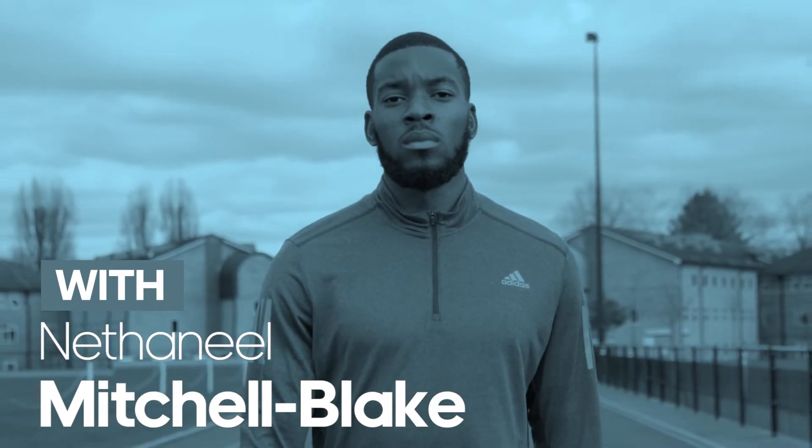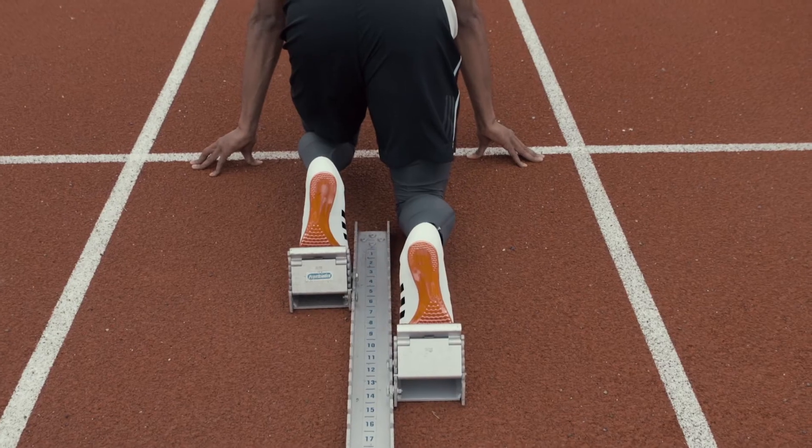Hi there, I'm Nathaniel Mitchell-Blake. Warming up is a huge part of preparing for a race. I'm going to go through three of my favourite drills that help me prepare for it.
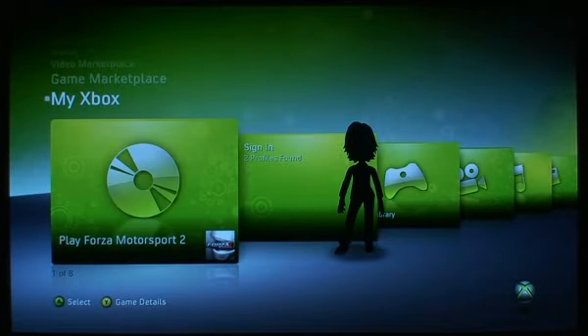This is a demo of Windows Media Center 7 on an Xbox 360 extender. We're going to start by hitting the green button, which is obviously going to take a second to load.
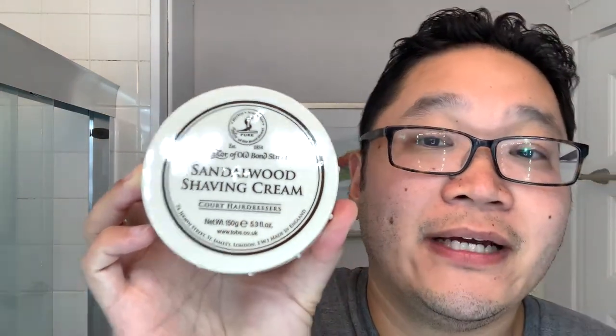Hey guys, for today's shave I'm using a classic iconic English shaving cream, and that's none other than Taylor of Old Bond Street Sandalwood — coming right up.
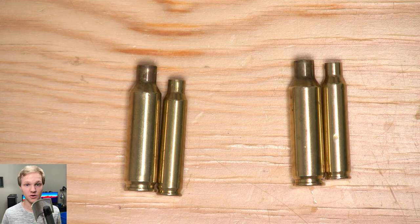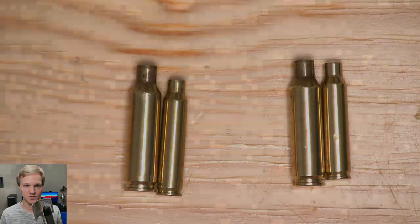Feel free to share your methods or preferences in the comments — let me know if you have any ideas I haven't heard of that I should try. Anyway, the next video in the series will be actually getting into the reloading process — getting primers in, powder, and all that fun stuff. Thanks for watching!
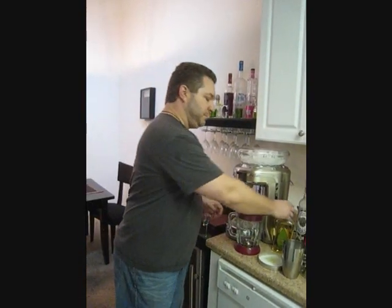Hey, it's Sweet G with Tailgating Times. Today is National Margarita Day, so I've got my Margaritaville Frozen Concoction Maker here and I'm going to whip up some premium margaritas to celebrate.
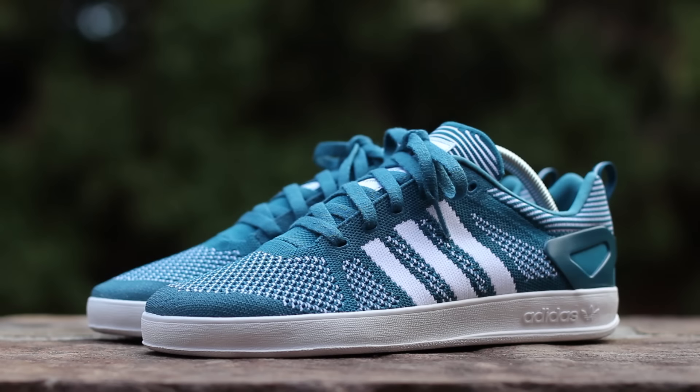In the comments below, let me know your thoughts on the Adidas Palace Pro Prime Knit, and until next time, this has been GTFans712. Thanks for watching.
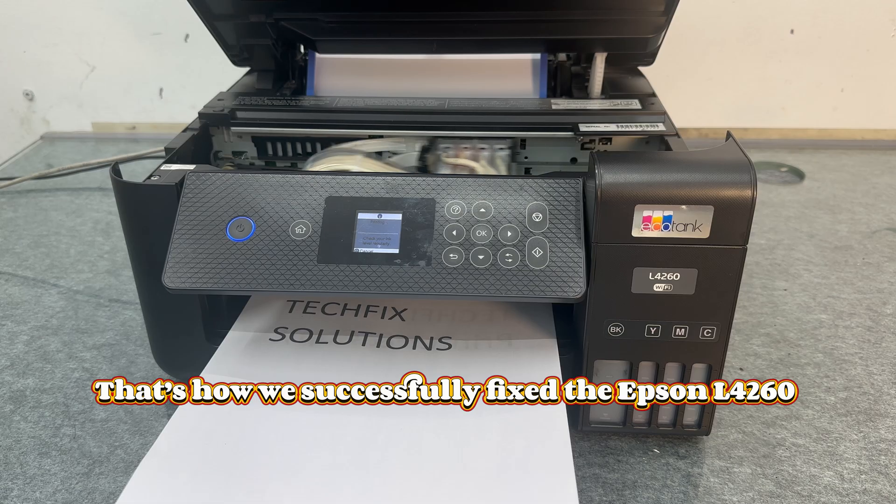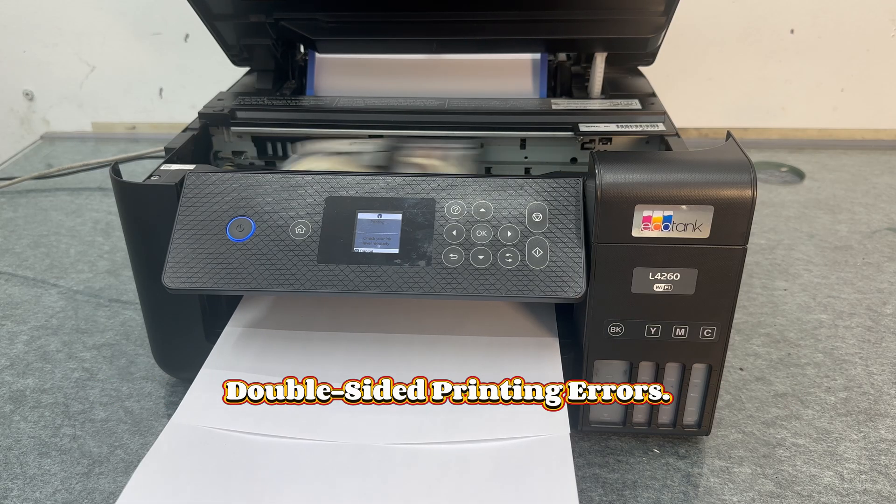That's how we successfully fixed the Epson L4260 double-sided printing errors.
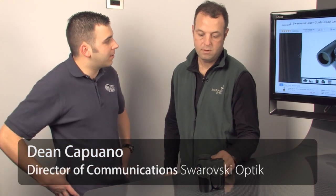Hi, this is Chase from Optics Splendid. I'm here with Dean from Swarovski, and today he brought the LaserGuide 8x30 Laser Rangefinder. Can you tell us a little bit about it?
--
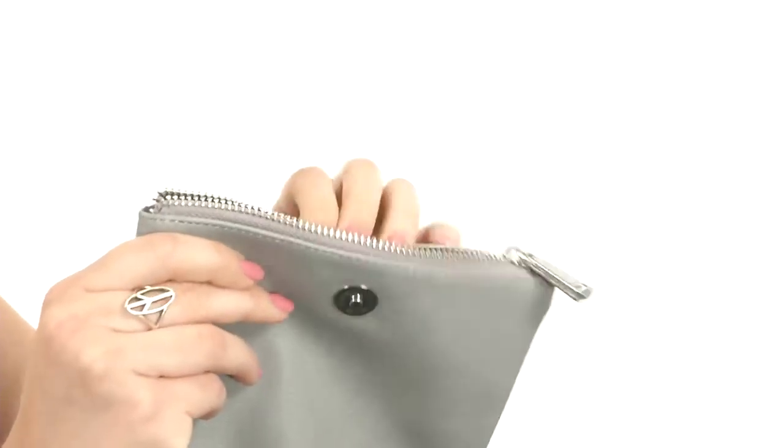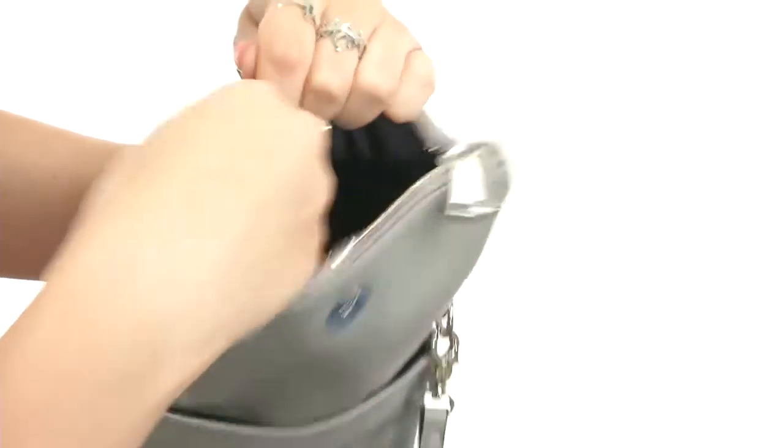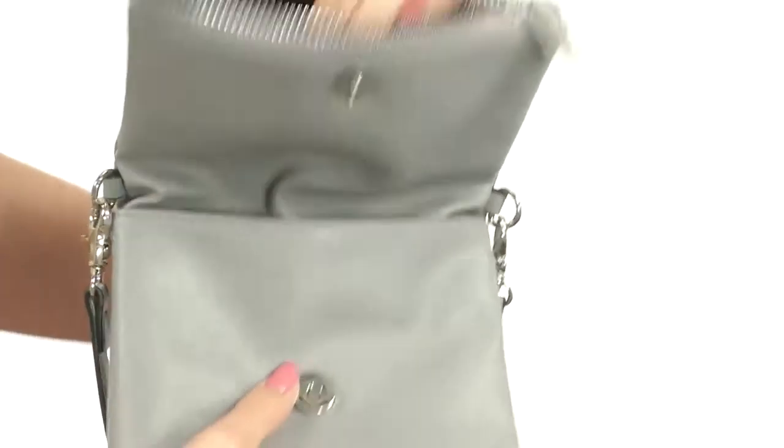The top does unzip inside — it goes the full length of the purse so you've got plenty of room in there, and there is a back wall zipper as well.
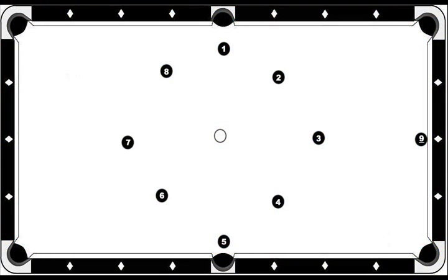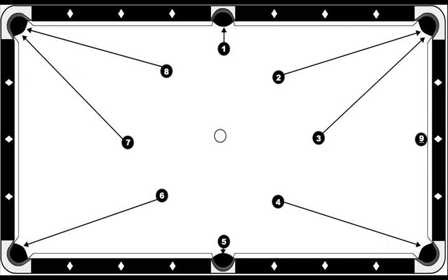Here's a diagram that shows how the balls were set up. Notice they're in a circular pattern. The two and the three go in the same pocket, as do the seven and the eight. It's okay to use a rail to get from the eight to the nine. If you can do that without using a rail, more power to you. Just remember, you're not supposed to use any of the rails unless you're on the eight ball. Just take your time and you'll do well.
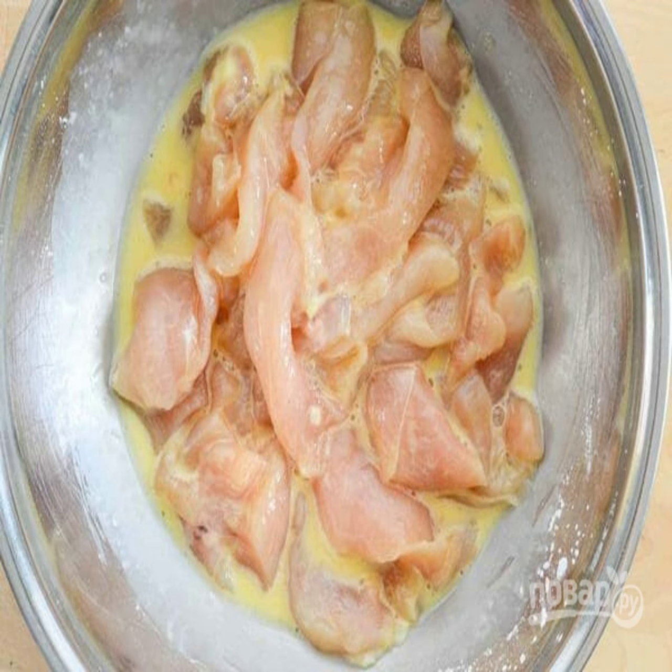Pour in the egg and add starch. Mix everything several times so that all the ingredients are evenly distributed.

TASK OBJECTIVE: A clean copy is needed of the lines above from the one with "This is a demo" up to and including the one with "Hey guys, for". Please set it down exactly, with no pictures.

RESULT BELOW:
This is a demo of Windows Media Center 7 on an Xbox 360 extender. We're going to start by hitting the green button, which is obviously going to take a second to load.
Hey guys, for today's shave I'm using a classic iconic English shaving cream, and that's none other than Taylor of Old Bond Street Sandalwood — coming right up.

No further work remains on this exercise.